Oh. Did i fail to take seriously the subject? My apologies.

Still, its this association i make, every term i hear the word “robust”, with “rotund”. I think of the ludicrous “Theophilus Goon”, a bumbling police character in Enid Blyton’s Mystery books. Or the laughing policeman. Or a host of jovial comedy policemen that have graced British film from the earliest of days.

But its “robustness” that politicians are demanding right now, and i am a tad puzzled as to what they might mean.

Robust practices

They surely can’t be thinking of the approach employed by the Chicago Police back in the 60′s, which were certainly robust. Also unlawful, brutal and violent.

Perhaps they mean “taking no chances”: so police should shoot first, as they appear to have done with a certain Brazilian electrician and latterly, just before this rioting kicked off, with Mark Duggan in Tottenham; and they should ask questions after.
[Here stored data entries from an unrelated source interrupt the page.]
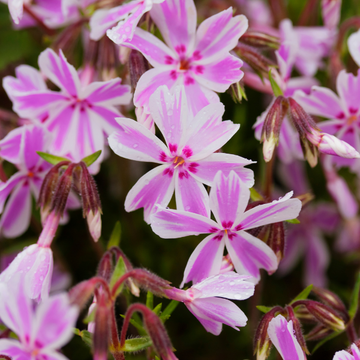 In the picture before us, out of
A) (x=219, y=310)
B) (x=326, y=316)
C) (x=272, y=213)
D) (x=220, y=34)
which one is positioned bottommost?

On the other hand, that approach could see the body count rise rapidly, whilst public confidence would fall.

Perhaps they mean being less prepared to listen, and having no truck with bleeding heart liberals and alleged rape victims. Ooops! Did i mention rape? Cause this appalling story of Layla Ibrahim, jailed for “wasting police time” in the matter of her own alleged rape, seems pretty robust and no-nonsense to me.

Could it mean not bothering with silly stuff, like the actual detail of statute. So, as i have reported on time and time again over the last couple of years, we will see yet more instances of police unlawfully stopping people trying to take photos, unlawfully seizing their cameras, and unlawfully destroying film.

Hey! Maybe it means zero tolerance of ANY wrong-doing. So when police do commit crim damage (as above) we won’t hear any of this namby-pamby nonsense about IPCC investigations. We’ll just fire the officer and charge them, as appropriate.

And as for politicians who fiddle expenses and News of the World Management. Puh-lease! They’ll be down the station tonight, helping polie with their inquiries. Or else.

Political blether

I know. At this point, some of you are reading this as an anti-police diatribe. But actually, it ain’t. Its much more of an anti-politician thing.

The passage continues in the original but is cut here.